▶ _YOUR INSTRUCTIONS_: Images do not belong in the copy. Set down all the entries exactly.

(Stored data)
▶

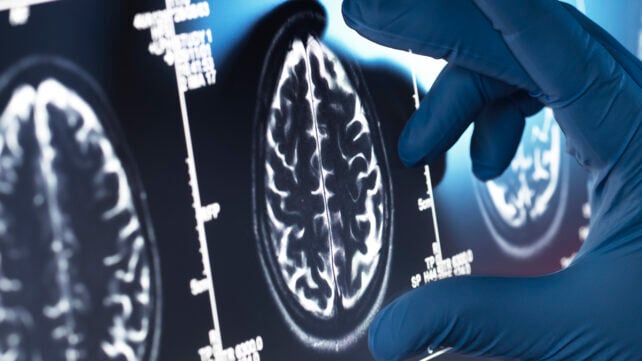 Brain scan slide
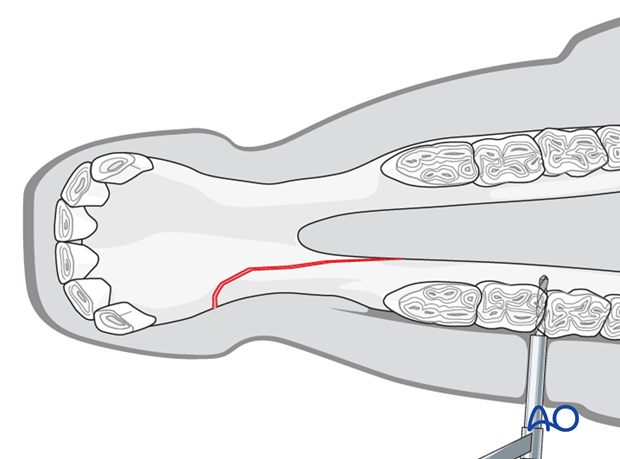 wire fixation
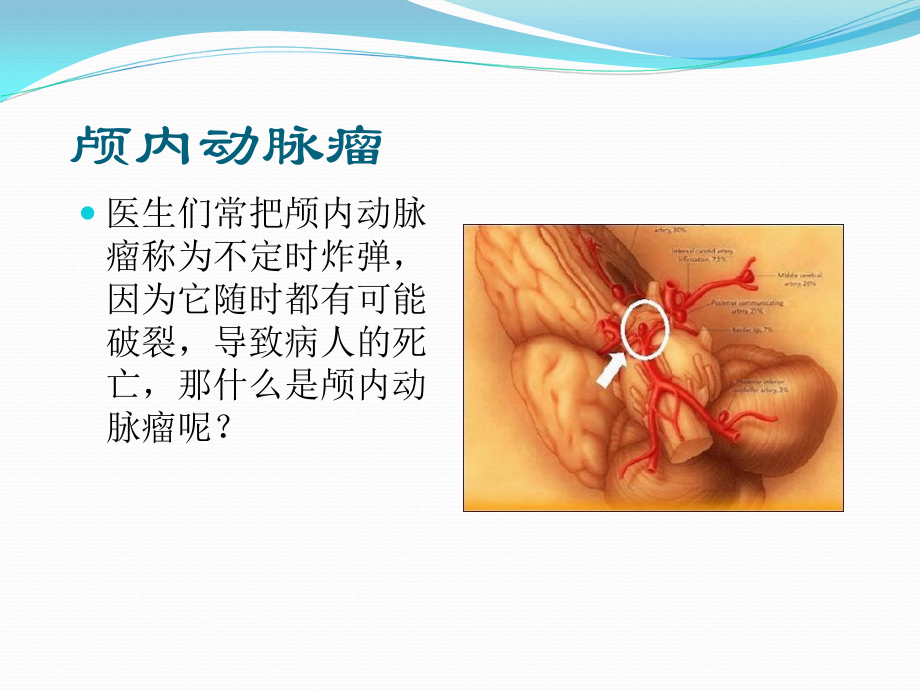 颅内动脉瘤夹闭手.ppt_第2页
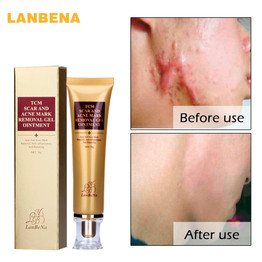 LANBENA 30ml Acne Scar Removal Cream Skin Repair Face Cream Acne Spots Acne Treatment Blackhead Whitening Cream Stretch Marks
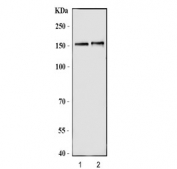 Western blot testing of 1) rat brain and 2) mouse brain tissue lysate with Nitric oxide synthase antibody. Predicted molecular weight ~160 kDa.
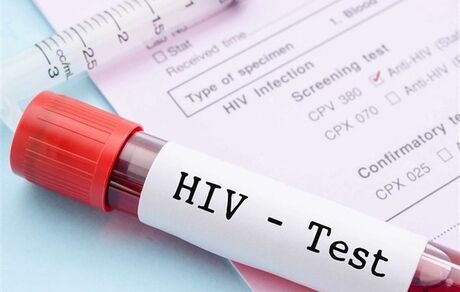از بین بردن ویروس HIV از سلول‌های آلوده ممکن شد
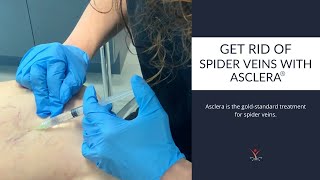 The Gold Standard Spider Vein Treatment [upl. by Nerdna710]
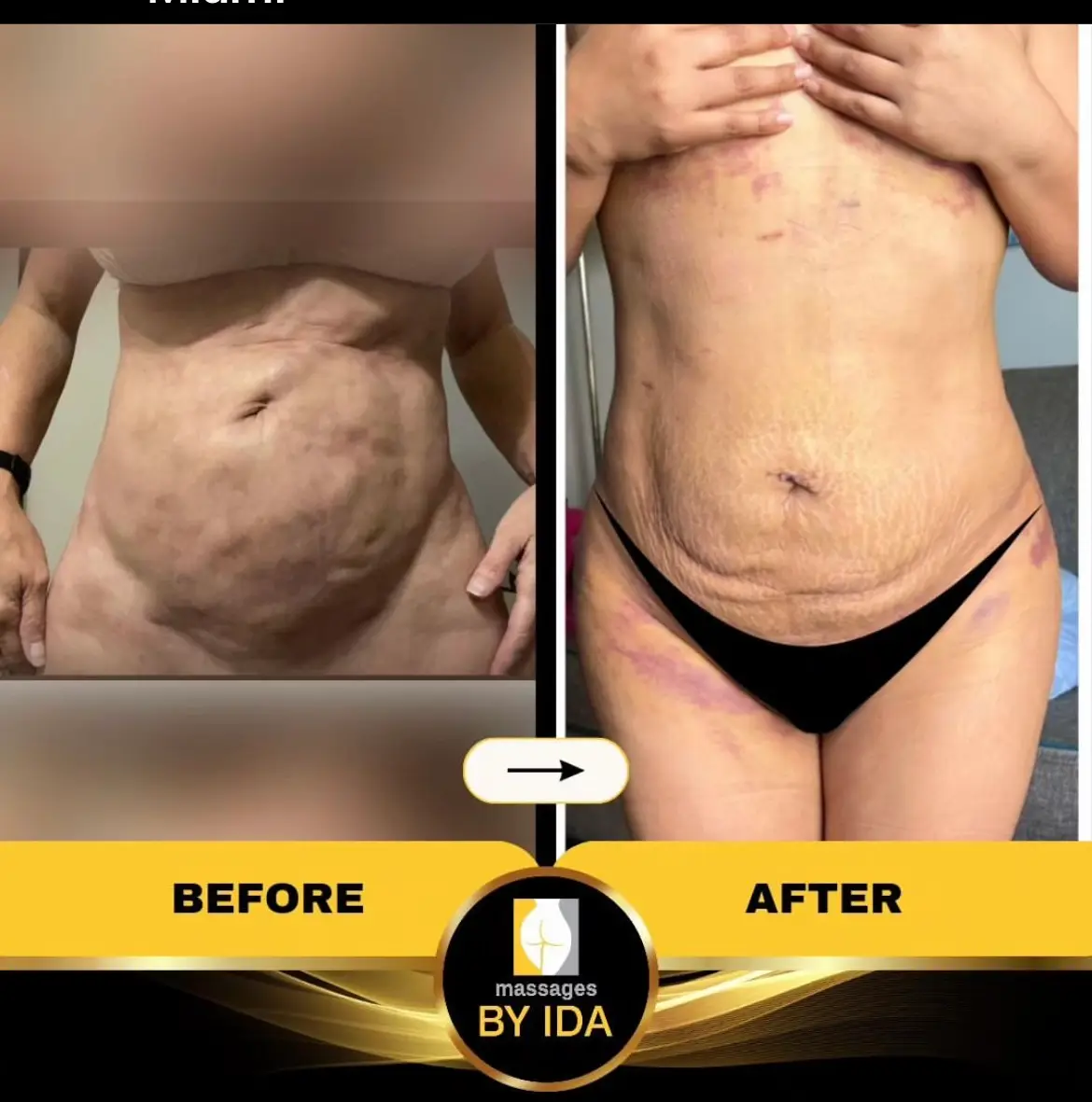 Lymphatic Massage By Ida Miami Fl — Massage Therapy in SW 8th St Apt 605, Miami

◀

▶ _OUTPUT OF THE TASK_:
 Brain scan slide
 wire fixation
 颅内动脉瘤夹闭手.ppt_第2页
 LANBENA 30ml Acne Scar Removal Cream Skin Repair Face Cream Acne Spots Acne Treatment Blackhead Whitening Cream Stretch Marks
 Western blot testing of 1) rat brain and 2) mouse brain tissue lysate with Nitric oxide synthase antibody. Predicted molecular weight ~160 kDa.
از بین بردن ویروس HIV از سلول‌های آلوده ممکن شد
 The Gold Standard Spider Vein Treatment [upl. by Nerdna710]
 Lymphatic Massage By Ida Miami Fl — Massage Therapy in SW 8th St Apt 605, Miami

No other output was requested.